*** Opening of PROVIDED DATA ***

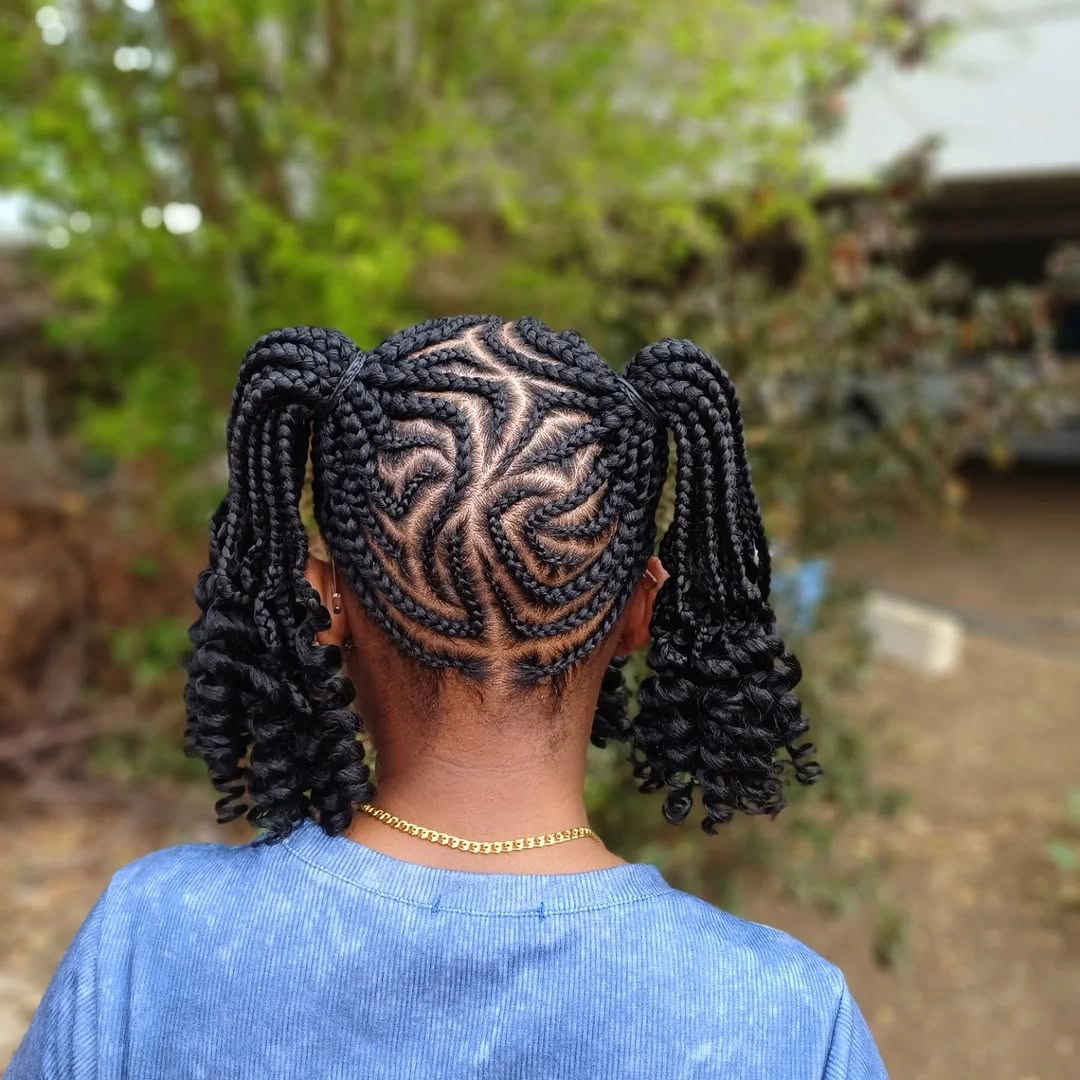 lemonade braid hairstyle Playful Half-Up Lemonade Braids with Graphic Stitch Pattern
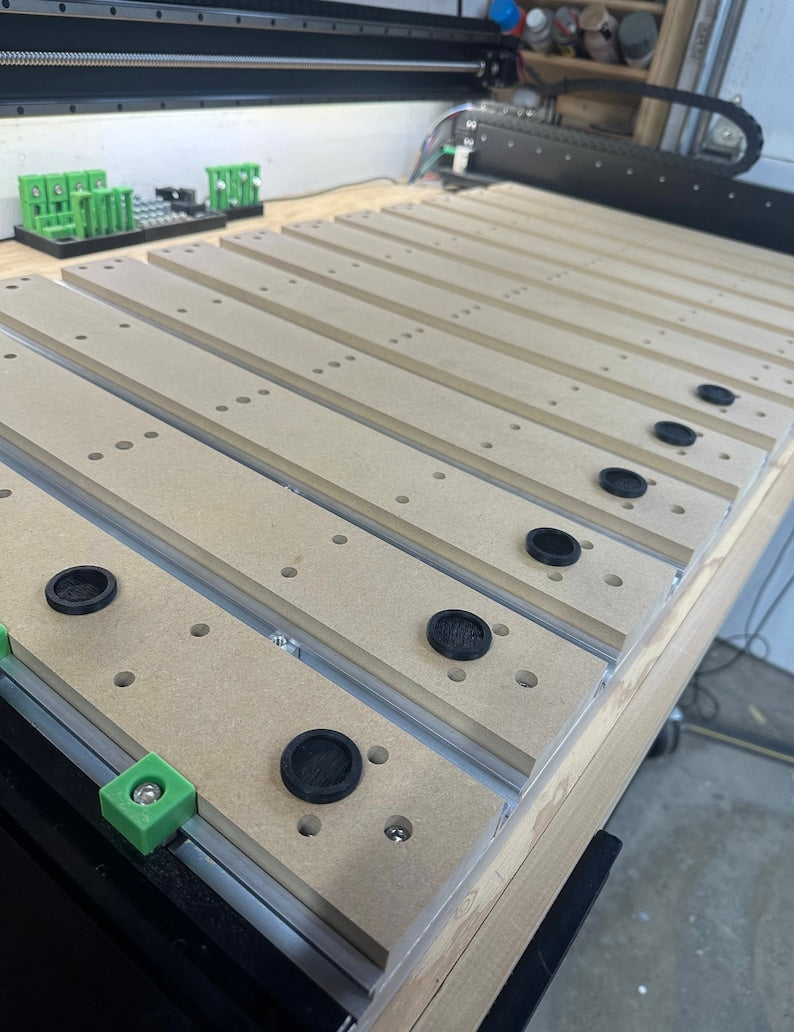 Shapeoko 5 Pro 2'x4' / 2’x2’ CNC Upgraded Waste Board Slats w/ Threaded Inserts & 20mm Dog Holes Spoil Board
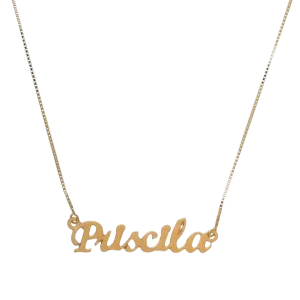 Colar Personalizado Nome Banhado a Ouro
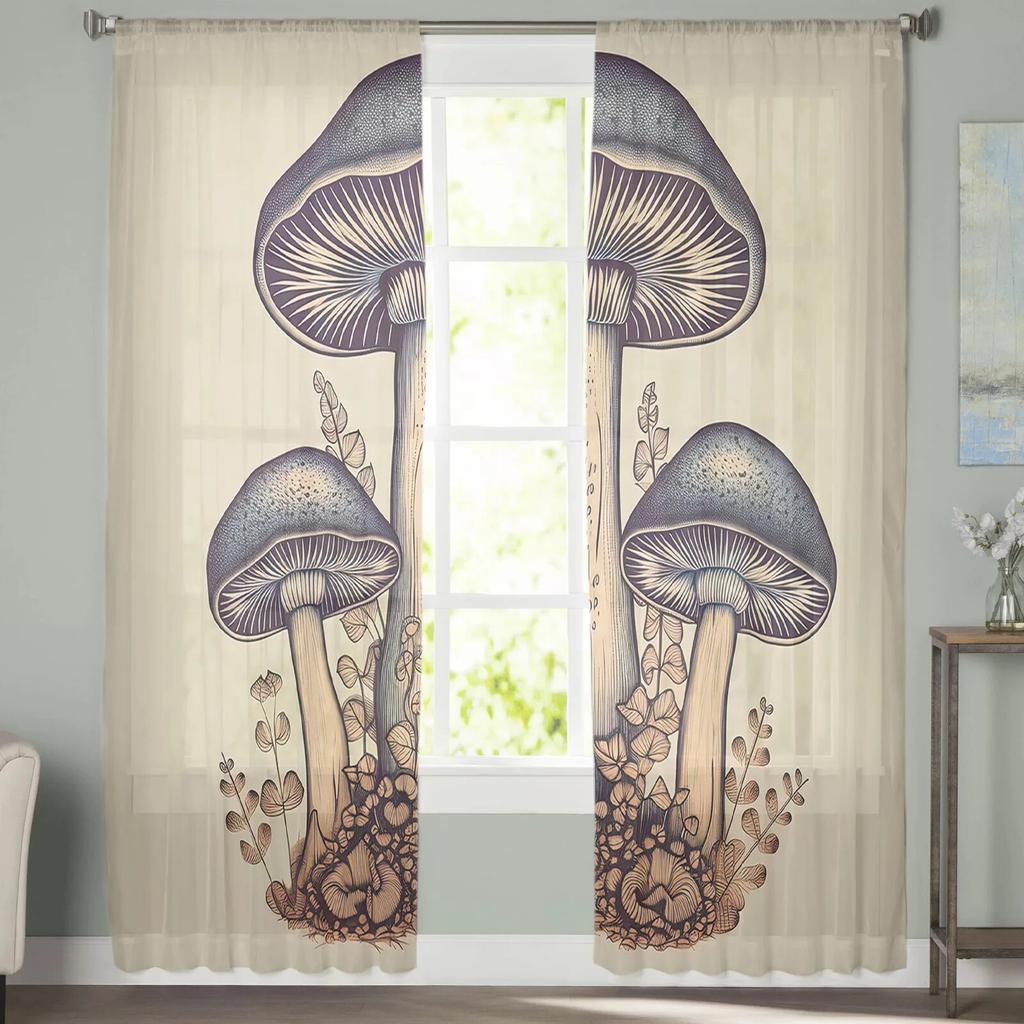Mushrooms Leaves Tulle Curtains For Living Room Sheer Curtain For Bedroom Window Blinds Voile Curtains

*** Close of PROVIDED DATA ***

ASSIGNED TASK: Each line above is to be copied verbatim. Drop any image from the copy.

PROBLEM SOLUTION:
 lemonade braid hairstyle Playful Half-Up Lemonade Braids with Graphic Stitch Pattern
 Shapeoko 5 Pro 2'x4' / 2’x2’ CNC Upgraded Waste Board Slats w/ Threaded Inserts & 20mm Dog Holes Spoil Board
 Colar Personalizado Nome Banhado a Ouro
Mushrooms Leaves Tulle Curtains For Living Room Sheer Curtain For Bedroom Window Blinds Voile Curtains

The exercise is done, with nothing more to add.